Photochemistry selectively removes europium from red lamp phosphor


Rare earth elements feature in hard disks and fluorescent lamps but recycling rates for these critical elements are less than 1%

As part of ongoing research into critical metal reuse and recycling, chemical engineers have teamed up with chemists to develop a simple photochemical method for separating vital rare earth metals, europium and yttrium.1

Rare earth elements are crucial for modern technologies such as batteries, magnets and consumer electronics, but their similar chemical properties make them difficult to separate. Currently only China performs the extended series of solvent extraction steps needed to produce significant amounts of pure metals from mixed ores. Development of cleaner and less intensive separation methods would remove a barrier to worldwide recycling and production of rare earths.

Tom Van Gerven, at the University of Leuven in Belgium, is interested in how light and other alternative energy sources can boost chemical processes. Koen Binnemans, at the same university, is a chemist who has previously applied ionic liquids to rare earth recycling, successfully extracting red lamp phosphor, a mixture of europium and yttrium, from light bulb waste. Together they realised that they could use photochemistry to go a step further and separate europium and yttrium from each other. ‘In the work on the ionic liquid you extract the europium and yttrium in the same ratio as they were in the red lamp phosphor, so you can only use this mixture again for red lamp phosphors. Whereas in our case we are separating the europium and yttrium … so we can use those streams for any purpose we like,’ explains Van Gerven.

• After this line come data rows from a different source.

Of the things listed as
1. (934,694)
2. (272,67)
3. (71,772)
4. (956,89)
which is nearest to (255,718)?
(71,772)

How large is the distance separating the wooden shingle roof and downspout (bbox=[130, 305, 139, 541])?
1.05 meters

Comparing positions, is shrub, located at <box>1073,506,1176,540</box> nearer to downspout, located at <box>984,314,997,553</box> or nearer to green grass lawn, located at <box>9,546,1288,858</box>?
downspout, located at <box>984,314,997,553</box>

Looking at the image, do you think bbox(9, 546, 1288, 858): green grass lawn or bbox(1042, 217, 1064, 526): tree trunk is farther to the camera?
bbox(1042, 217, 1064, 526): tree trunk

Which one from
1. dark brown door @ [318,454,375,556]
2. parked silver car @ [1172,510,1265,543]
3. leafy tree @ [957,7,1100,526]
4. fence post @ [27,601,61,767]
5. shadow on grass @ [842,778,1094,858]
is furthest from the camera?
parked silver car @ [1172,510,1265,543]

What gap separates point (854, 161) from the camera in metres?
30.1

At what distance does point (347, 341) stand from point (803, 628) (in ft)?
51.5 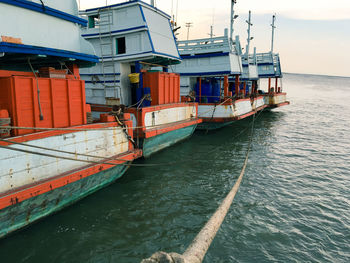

Both elements exist as trivalent (Eu3+ and Y3+) ions in solution, but europium is also stable in the divalent state (Eu2+). Absorbing light of the correct wavelength reduces Eu3+ to Eu2+, which can then be precipitated out of solution as europium sulfate. For artificial Eu–Y mixtures, the Leuven team removed nearly all of the europium, and almost no yttrium, using a low pressure mercury lamp.

Photochemical reduction of europium and subsequent precipitation looks to be a promising technique for selectively removing it

The process also uses isopropanol as a scavenger to remove hydroxyl radicals that oxidise Eu2+ back to Eu3+, instead of the more common but harmful formic acid.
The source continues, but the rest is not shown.